Entscheidungsstichwort (Thema)

Urlaubsabgeltung aus einem beendeten Arbeitsverhältnis aufgrund Bescheinigung der Arbeitsunfähigkeit für einen zurückliegenden Zeitraum

 

Leitsatz (amtlich)

1. Nach § 5 Abs. 3 der Arbeitsunfähigkeits Richtlinien ist eine Rückdatierung des Beginns der Arbeitsunfähigkeit auf einen vor dem Behandlungsbeginn liegenden Tag ebenso wie eine rückwirkende Bescheinigung über das Fortbestehen der Arbeitsunfähigkeit nur ausnahmsweise und nur nach gewissenhafter Prüfung und in der Regel nur bis zu zwei Tagen zulässig. Im Fall einer weitergehenden nachträglichen Krankschreibung ist daher in der Regel von der Erschütterung des Beweiswertes eines solchen Attestes auszugehen.

2. Die Bescheinigung der Arbeitsunfähigkeit für einen zurückliegenden Zeitraum durch den behandelnden Arzt widerspricht allerdings nicht den Arbeitsunfähigkeitsrichtlinien, wenn sich der Arbeitnehmer durchgehend bei dem das spätere Attest ausstellenden Arzt in Behandlung befand und dieser regelmäßig zur Vorlage bei der Krankenkasse Krankengeldauszahlscheine ausgestellt hat.

 

Normenkette

BUrlG § 7 Abs. 3-4, § 9; EFZG § 5 Abs. 1 S. 2

 

Verfahrensgang

ArbG Koblenz (Entscheidung vom 27.03.2014; Aktenzeichen 7 Ca 3802/13)

 

Tenor

  • I.

    Die Berufung des Beklagten gegen das Urteil des Arbeitsgerichts Koblenz vom 27.03.2014 Az.: 7 Ca 3802/13 wird kostenpflichtig zurückgewiesen.

  • II.

    Die Revision wird nicht zugelassen.

 

Tatbestand

Die Klägerin begehrt Urlaubsabgeltung aus einem beendeten Arbeitsverhältnis.

Die Klägerin war bei dem Beklagten seit dem 19. Oktober 1998 als Zahnarzthelferin zu einem Bruttomonatsgehalt von zuletzt 1.040,00 EUR beschäftigt.

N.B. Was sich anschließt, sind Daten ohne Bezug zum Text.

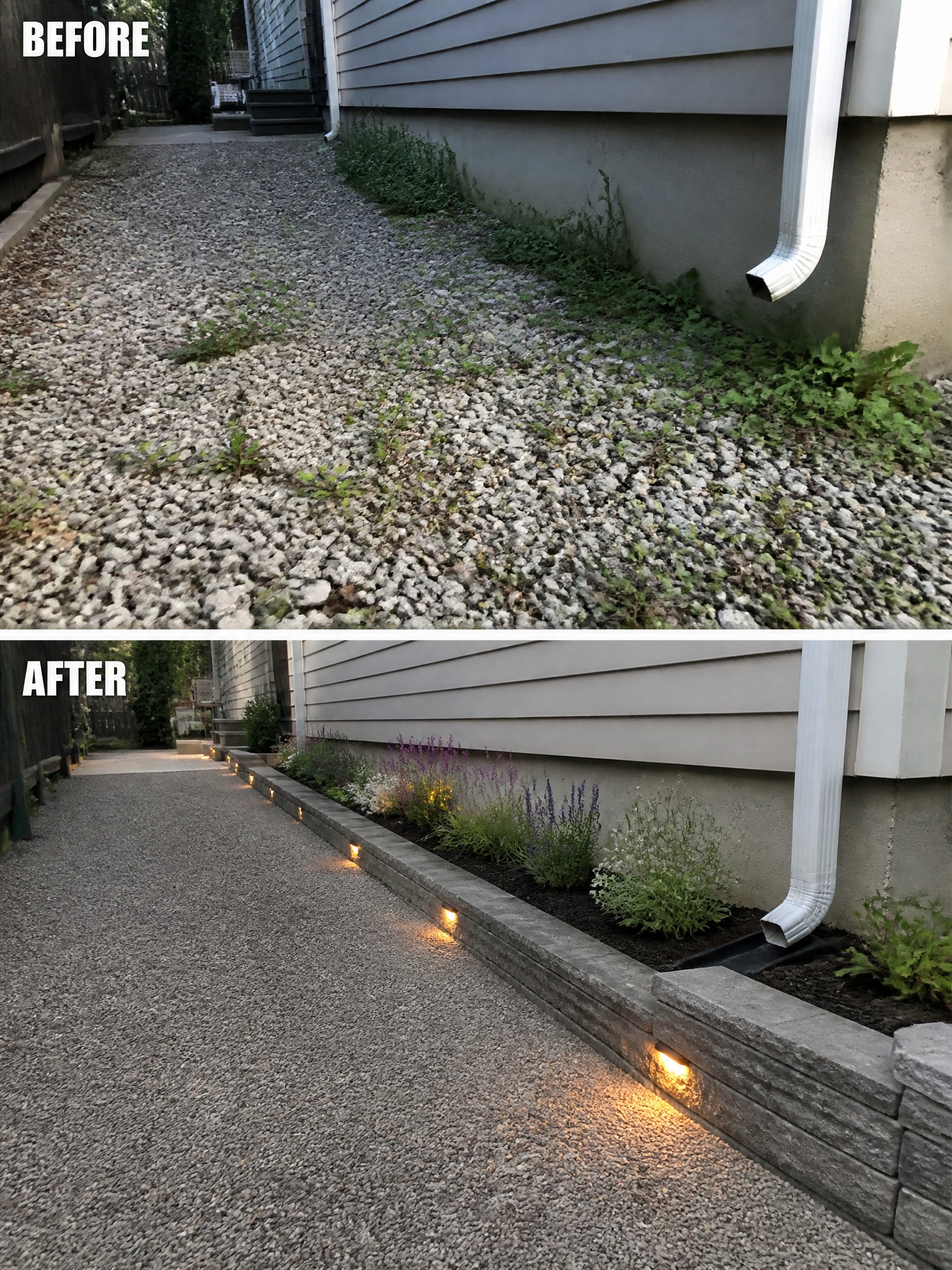 Before and after of weedy gravel path transformed into lighted garden bed beside house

Das Arbeitsverhältnis endete aufgrund einer Eigenkündigung der Klägerin vom 31. Juli 2013 am 31. August 2013. In § 7 - Urlaub - des Arbeitsvertrags vom 07. Oktober 1998 (Bl. 4 ff. d. A.) heißt es:

"Der Arbeitnehmer erhält kalenderjährlich einen Erholungsurlaub von 30 Werktagen (30 Arbeitstage).

Der Urlaubszeitraum wird in Abstimmung mit dem Arbeitgeber festgelegt.

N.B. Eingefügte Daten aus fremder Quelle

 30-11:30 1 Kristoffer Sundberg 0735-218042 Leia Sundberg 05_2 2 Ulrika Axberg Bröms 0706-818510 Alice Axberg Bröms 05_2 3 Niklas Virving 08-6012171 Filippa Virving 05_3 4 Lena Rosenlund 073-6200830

Bei verschuldeter fristloser Kündigung reduziert sich der Urlaubsanspruch auf den anteiligen gesetzlichen Mindesturlaub."

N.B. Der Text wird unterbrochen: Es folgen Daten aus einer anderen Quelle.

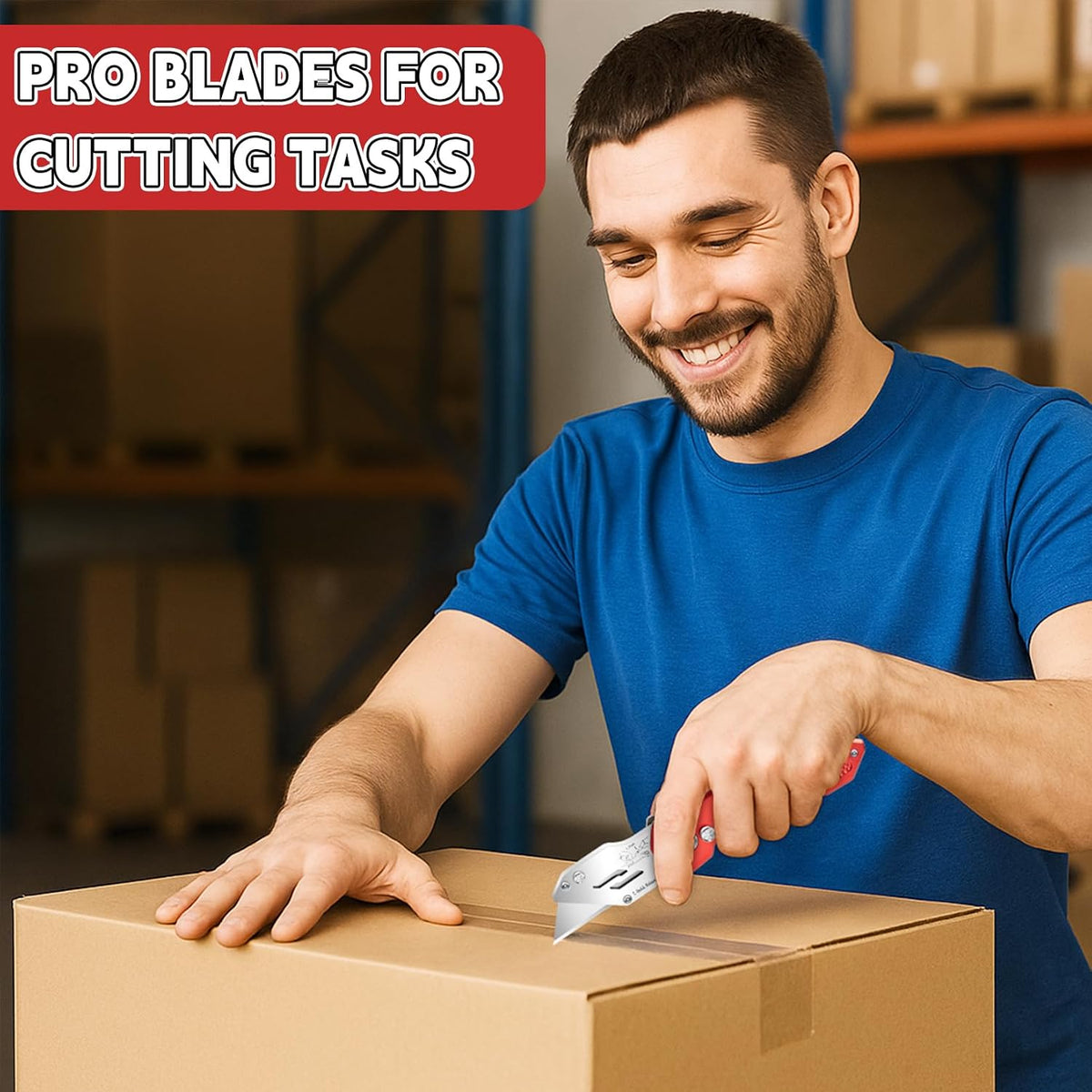 100 Pack Utility Knife Blades, SK5 Box Cutter Blades, Razor Blades | Blades for box cutter use cut cardboard, leather and drywall, Replacement blades suit home repairs, crafts and DIY projects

Die Klägerin hat einen Urlaubsantrag vom 16. Juli 2012 (Bl. 12 d. A.) zur Akte gereicht, in dem unter Berücksichtigung eines Jahresurlaubs von insgesamt 30 Tagen und des beantragten Urlaubs noch 10 verbleibende Urlaubstage für das Kalenderjahr 2012 aufgeführt sind.

Die Klägerin hat weiter folgende Arbeitsunfähigkeitsbescheinigungen vorgelegt:

- Erstbescheinigung von Herrn Dr. med. M. (Bl. 15 d. A.):

arbeitsunfähig seit 07.12.2012 bis 20.12.2012, festgestellt am 07.12.2012

- Folgebescheinigung von Herrn Dr. med. M. (Bl. 15 d. A.):

arbeitsunfähig seit 07.12.2012 bis 03.01.2013, festgestellt am 20.12.2012

- Erstbescheinigung der Gemeinschaftspraxis Dres. B./F. (Bl. 14 d. A.):

arbeitsunfähig seit 02.01.2013 bis 23.01.2013, festgestellt am 02.01.2013

- Folgebescheinigung der Gemeinschaftspraxis Dres. B./F. (Bl. 48 d. A.):

arbeitsunfähig seit 02.01.2013 bis 13.02.2013, festgestellt am 23.01.2013

- Folgebescheinigung der Gemeinschaftspraxis Dres. B./F. (Bl. 49 d. A.):

arbeitsunfähig seit 02.01.2013 bis 31.07.2013, festgestellt am 10.07.2013

- Folgebescheinigung der Gemeinschaftspraxis Dres. B./F. (Bl. 50 d. A.):

arbeitsunfähig seit 02.01.2013 bis 30.08.2013, festgestellt am 31.07.2013

- Folgebescheinigung der Gemeinschaftspraxis Dres. B./F. (Bl. 13 d. A.):

arbeitsunfähig seit 02.01.2013 bis 12.09.2013, festgestellt am 30.08.2013

In einer Bescheinigung vom 21. Mai 2013 (Bl. 51 d. A.) der Gemeinschaftspraxis Dres. B./F. heißt es:

"Og. Pat. ist seit dem 02.01.2013 bis auf weiteres arbeitsunfähig erkrankt.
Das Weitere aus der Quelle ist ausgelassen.